Der Weiße Wolf
Den Monsterjäger Geralt von Riva kannte ich eigentlich nur aus dem PS4-Spiel „The Witcher 3: Wild Hunt“. Das fand ich auch cool, aber so richtig gepackt hatte mich das Hexer-Fieber da noch nicht. Als es dann hieß, Netflix würde eine Hexer-Serie bringen, war ich skeptisch. Das erste Bild von Henry Cavill, der Geralt spielen sollte, sah eher merkwürdig aus: Dieses weiße, lange Haar, das wie eine schlechte Perücke der Khaleesi aussah, half nicht gerade. Als es dann hieß, die Serie wäre keine Verfilmung des Spiels, sondern basierte auf den Büchern, wurde mir erneut bewusst, dass es da ja noch diese Bücher des Polen Andrzej Sapkowski gibt. Doch auch da konnte ich mich noch nicht dazu hinreißen lassen, mir die Bücher zu holen. Nachdem ich aber kurz vor Weihnachten dann an einem Tag die komplette erste Staffel von „The Witcher“ durchgesuchtet hatte, musste ich mir einfach die Bücher besorgen… und seitdem bin ich endlich im Hexer-Fieber. Denn: Die Serie ist der Hammer!

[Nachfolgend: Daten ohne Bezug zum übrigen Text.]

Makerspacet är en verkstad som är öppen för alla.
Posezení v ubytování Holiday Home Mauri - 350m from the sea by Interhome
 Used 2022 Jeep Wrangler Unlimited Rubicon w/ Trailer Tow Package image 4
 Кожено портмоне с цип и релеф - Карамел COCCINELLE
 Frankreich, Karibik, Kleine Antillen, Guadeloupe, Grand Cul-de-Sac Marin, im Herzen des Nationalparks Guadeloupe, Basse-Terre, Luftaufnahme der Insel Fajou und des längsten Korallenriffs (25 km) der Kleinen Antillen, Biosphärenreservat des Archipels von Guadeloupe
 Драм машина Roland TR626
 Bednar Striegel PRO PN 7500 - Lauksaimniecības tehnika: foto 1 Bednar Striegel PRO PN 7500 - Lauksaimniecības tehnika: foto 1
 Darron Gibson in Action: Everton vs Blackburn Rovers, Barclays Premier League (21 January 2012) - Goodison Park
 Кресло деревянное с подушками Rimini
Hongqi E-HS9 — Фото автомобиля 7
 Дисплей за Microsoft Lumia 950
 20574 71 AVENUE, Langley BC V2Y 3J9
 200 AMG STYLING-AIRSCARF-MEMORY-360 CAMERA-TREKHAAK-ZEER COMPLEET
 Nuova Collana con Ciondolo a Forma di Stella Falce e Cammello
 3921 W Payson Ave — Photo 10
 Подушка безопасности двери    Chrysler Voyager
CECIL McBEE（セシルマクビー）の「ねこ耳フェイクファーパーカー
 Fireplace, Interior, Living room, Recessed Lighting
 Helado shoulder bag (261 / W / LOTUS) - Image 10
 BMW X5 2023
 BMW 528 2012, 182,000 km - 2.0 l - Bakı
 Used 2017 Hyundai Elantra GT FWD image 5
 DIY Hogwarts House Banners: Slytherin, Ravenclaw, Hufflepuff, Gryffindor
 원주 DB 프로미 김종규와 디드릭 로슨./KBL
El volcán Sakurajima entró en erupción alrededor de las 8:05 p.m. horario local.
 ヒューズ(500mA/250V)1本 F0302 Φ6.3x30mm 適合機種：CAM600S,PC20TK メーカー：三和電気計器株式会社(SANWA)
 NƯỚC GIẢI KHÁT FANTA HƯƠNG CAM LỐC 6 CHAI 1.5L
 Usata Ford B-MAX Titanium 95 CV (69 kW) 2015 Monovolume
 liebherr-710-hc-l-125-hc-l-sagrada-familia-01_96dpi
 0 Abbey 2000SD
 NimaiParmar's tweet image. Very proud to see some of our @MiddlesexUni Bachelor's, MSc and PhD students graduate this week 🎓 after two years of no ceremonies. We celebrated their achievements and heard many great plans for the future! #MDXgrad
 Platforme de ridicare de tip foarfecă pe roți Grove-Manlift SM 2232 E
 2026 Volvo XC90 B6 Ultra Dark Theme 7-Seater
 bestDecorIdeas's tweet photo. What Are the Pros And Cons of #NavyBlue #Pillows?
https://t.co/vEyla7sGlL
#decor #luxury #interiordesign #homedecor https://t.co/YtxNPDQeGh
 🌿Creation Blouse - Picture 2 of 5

Das König Cintra wird von der Armee Nilfgaards angegriffen. Als sich die tapfere Königin Calanthe (Jodhi May) geschlagen geben muss, sorgt sie dafür, dass ihre Enkelin Cirilla (Freya Allan) die Flucht gelingt. Das junge Mädchen soll den Hexer Geralt (Cavill) finden. Der ist ein herumwandernder Monsterjäger, der sich für Geld um alle möglichen Ungeheuer kümmert, die das Land unsicher machen. Der trifft auf seinen Reisen nicht nur auf den Barden Jaskier (Joey Batey), sondern auch immer wieder auf seine einzig wahre große Liebe, die Zauberin Yennefer (Anya Chalotra).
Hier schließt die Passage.